(Exercise goal)
Using the listing below, reproduce exactly the lines from the one with "Veterinarian Clinic Avenel New Jersey" through the last, with all pictures left out.

(Collected material)
════════════════

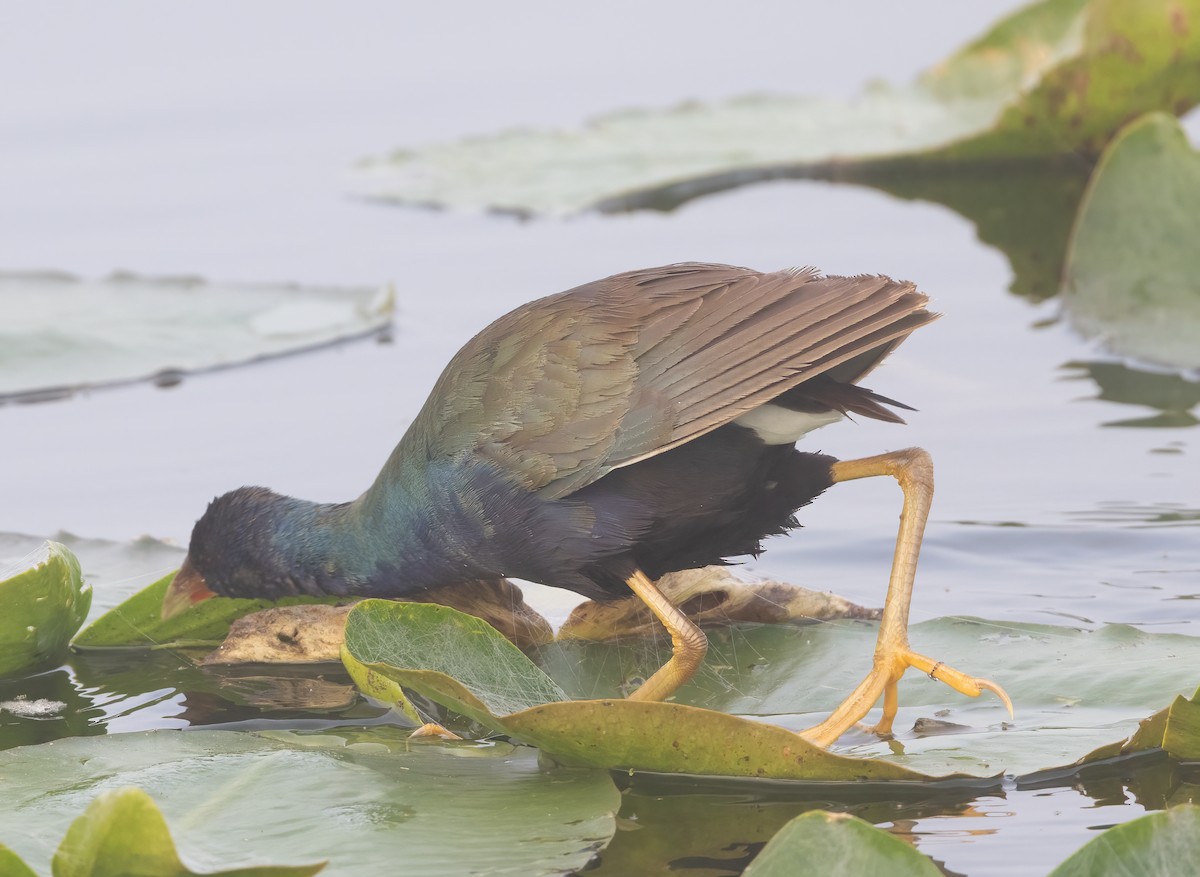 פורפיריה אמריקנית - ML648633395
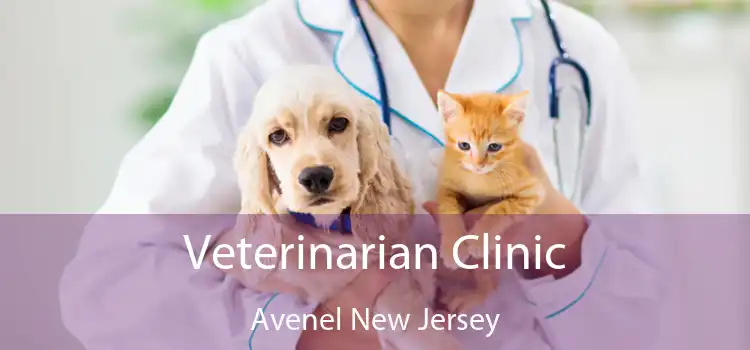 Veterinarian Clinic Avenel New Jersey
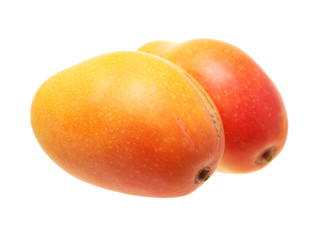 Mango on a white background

════════════════

(Answer space)
 Veterinarian Clinic Avenel New Jersey
 Mango on a white background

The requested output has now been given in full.